DATASET EXTRACT.
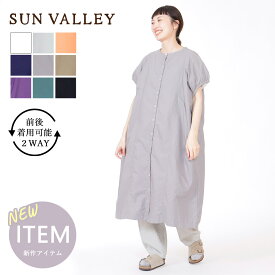 ★ SALE 21.7％OFF ★【 2026春夏 新作 オックス 】 SUNVALLEY 2WAY ワンピース 日本製品染 シャツ サンバレー トップス レディース チュニック 半袖 ドルマンスリーブ クルーネック 羽織 綿100％ 前後 ポケット付 夏 新作 重ね着 30代 40代 50代 60代 ファッション-pro
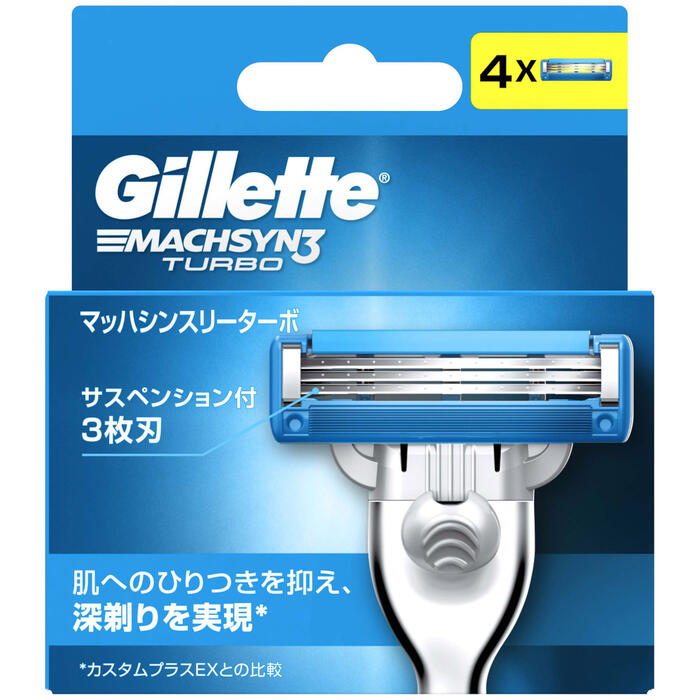 【楽天市場】【替刃4個入×1個】 Gillette ジレット スキンガード 電動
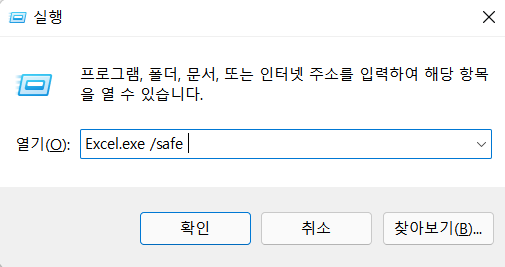 엑셀 안전 모드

ACTION ITEM. Omit the pictures, then copy out all the data exactly as it stands.

EXPECTED ANSWER.
 ★ SALE 21.7％OFF ★【 2026春夏 新作 オックス 】 SUNVALLEY 2WAY ワンピース 日本製品染 シャツ サンバレー トップス レディース チュニック 半袖 ドルマンスリーブ クルーネック 羽織 綿100％ 前後 ポケット付 夏 新作 重ね着 30代 40代 50代 60代 ファッション-pro
 【楽天市場】【替刃4個入×1個】 Gillette ジレット スキンガード 電動
 엑셀 안전 모드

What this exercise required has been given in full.